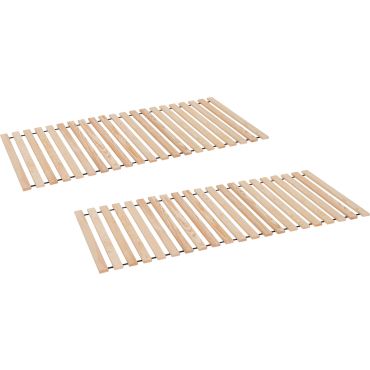 Set of 2 Bunk bed frames Reli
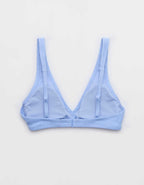 Aerie Wide Strap Voop Bikini Top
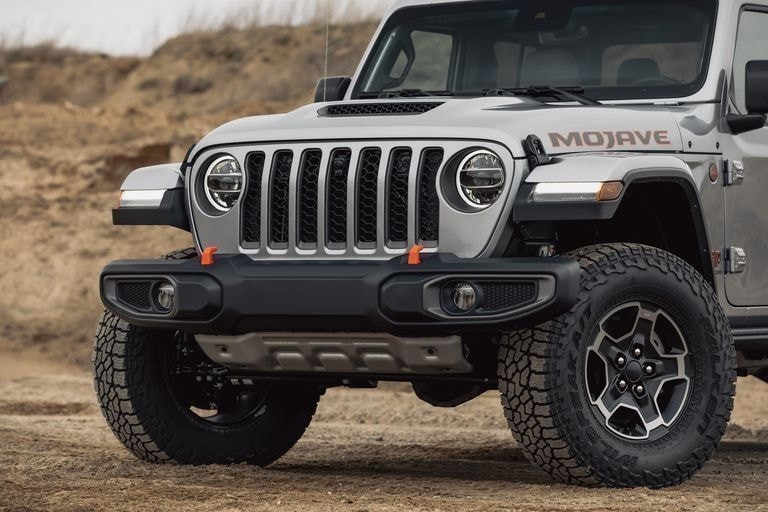 Jeep Gladiator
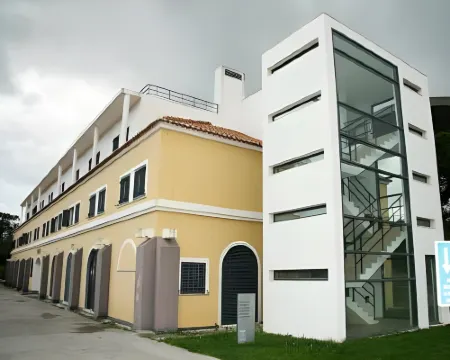 Inatel Caparica Almada otelleri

▬▬▬▬▬▬

§ Task to complete
Return all of the lines above without alteration, minus the pictures.

§ Task solution
 Set of 2 Bunk bed frames Reli
 Aerie Wide Strap Voop Bikini Top
 Jeep Gladiator
 Inatel Caparica Almada otelleri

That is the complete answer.